First of all, sort the intervals in increasing order of $I_i.start$

Use the following Dynamic Programming solution:

$$ \mathrm dp(i, j, k) = max( \text{extend_union} + dp(i + 1, j’, k - 1), dp(i + 1, j, k) ) $$

where $$ \mathrm j' = \begin{cases} i & \text{if } I_i.end > I_j.end \\ % & is your "\tab"-like command (it's a tab alignment character) j & \text{otherwise.} \end{cases} $$ $$ \mathrm extend\_union = \begin{cases} max(0, I_i.end - I_j.end) & \text{if } I_j \text{ intersects }I_i \\ % & is your "\tab"-like command (it's a tab alignment character) I_i.end - I_i.start & \text{otherwise.} \end{cases} $$

  • $dp(i, j, k)$ denotes the maximum sum of lengths of the segments in the range the $[i, N)$

  • $j$ is the range $I_j$ such that $I_j.end$ is the maximum among all the segments that we chose until now

  • $k$ denotes how many more segments are left to choose.

We have 2 choices at each state

  • Choice 1: Consider the interval $I_i$ in our subset. In this case, the union length will increase by the amount $\text{extend_union}$ as mentioned above

  • Choice 2: Don't consider the interval $I_i$ in our subset. In this case, the union length will not increase

  • If you have reached, with $i=N$ and $k=0$, return $0$ else $-\infty$

  • Time Complexity: $O(N^2K)$

Case 2: Union of selected intervals should be a single interval

First of all, sort the intervals in increasing order of $I_i.start$

  1. Now, create a graph of $N$ nodes such that for every $i$, there an edge from $i$ to $j$ $(i < j)$ such that $j = \underset{j}{\operatorname{argmax}} I_j.end$ where $I_i \bigcap I_j \neq \phi$ and $I_j.end > I_i.end$.

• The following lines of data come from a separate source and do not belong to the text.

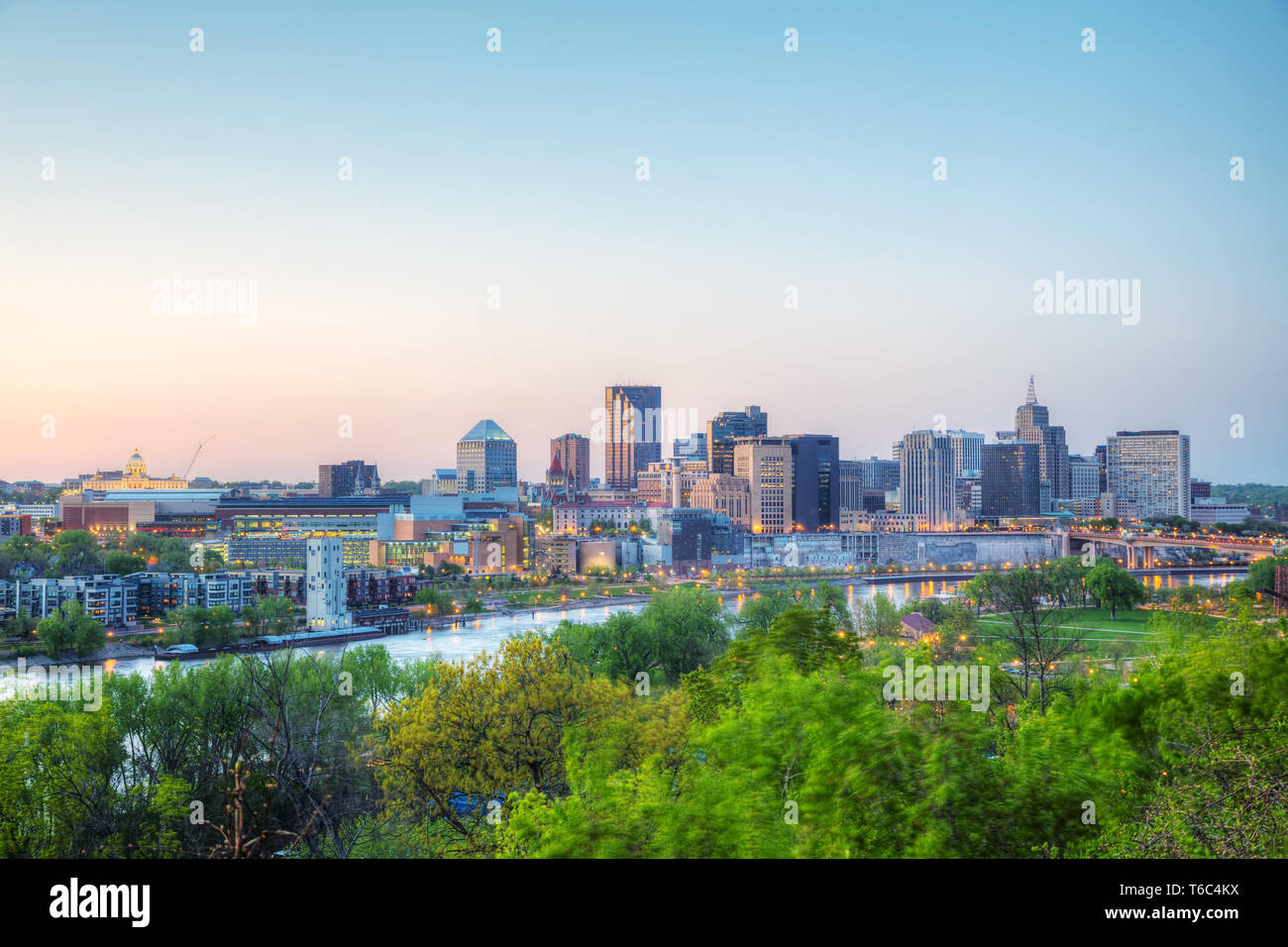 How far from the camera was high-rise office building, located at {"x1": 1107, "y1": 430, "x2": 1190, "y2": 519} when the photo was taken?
25422 millimetres

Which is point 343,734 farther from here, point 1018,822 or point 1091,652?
point 1091,652

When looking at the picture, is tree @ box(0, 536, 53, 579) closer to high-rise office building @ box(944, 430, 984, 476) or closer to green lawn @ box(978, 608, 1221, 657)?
green lawn @ box(978, 608, 1221, 657)

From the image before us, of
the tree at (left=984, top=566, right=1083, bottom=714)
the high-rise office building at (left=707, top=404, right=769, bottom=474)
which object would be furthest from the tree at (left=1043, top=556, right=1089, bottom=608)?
the high-rise office building at (left=707, top=404, right=769, bottom=474)

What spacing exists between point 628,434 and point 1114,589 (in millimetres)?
40189

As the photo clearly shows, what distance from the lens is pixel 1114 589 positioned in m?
15.5

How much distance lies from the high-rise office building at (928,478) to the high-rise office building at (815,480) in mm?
2271

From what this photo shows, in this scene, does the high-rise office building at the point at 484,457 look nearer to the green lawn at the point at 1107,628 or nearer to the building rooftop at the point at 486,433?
the building rooftop at the point at 486,433

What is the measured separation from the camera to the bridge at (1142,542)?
20.5 meters

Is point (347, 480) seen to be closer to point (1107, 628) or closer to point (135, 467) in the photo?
point (135, 467)

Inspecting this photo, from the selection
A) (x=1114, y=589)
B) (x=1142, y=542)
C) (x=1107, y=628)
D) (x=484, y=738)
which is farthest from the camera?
(x=1142, y=542)

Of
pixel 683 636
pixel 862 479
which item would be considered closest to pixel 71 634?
pixel 683 636

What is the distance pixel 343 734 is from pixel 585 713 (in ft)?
8.77

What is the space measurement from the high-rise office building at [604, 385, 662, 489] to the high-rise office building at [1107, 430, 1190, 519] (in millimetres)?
25816

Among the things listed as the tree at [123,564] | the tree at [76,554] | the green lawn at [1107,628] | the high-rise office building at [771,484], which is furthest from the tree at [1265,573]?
the tree at [76,554] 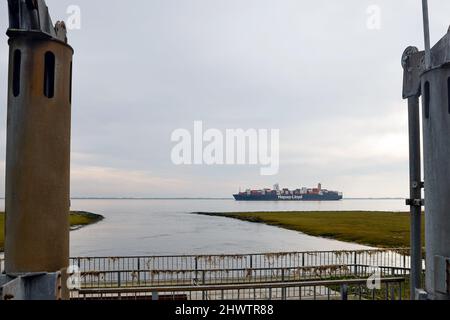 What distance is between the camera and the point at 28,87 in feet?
15.3

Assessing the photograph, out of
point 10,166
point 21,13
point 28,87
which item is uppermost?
point 21,13

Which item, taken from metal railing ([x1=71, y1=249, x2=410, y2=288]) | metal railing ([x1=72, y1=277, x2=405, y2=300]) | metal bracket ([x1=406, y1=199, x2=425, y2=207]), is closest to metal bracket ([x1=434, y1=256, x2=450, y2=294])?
metal bracket ([x1=406, y1=199, x2=425, y2=207])

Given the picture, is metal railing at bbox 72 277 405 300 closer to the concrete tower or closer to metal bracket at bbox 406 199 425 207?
metal bracket at bbox 406 199 425 207

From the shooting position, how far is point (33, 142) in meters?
4.65

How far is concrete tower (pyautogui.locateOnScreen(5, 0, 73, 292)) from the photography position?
466 cm

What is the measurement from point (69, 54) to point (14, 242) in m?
2.38

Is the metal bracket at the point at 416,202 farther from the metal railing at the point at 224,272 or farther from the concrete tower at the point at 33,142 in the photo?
the metal railing at the point at 224,272

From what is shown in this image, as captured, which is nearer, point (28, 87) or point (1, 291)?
point (1, 291)

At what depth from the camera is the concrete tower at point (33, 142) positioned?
15.3 feet

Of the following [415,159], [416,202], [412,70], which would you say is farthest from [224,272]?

Don't add an edge if such $j$ doesn't exist

This $j$ can be found out using any range querying data structure like segment trees in $O(log(N))$ or in $O(1)$ with sparse tables and precomputations

This will add $O(N)$ edges in the graph

  1. The resulting graph will be a DAG, with at most one path between any pairs of nodes $i$ to $j$
  2. It will be similar to this: image 1
  3. Now, if we choose any starting node in this graph and traverse $K$ nodes to the right, we will end with the most optimal subset of size $K$ having a certain union length. We can use this to maximize the answer
  4. It may happen that there are $M < K$ nodes to traverse, in that case, we can consider this subset only if there are $K-M$ other intervals that lie within this union.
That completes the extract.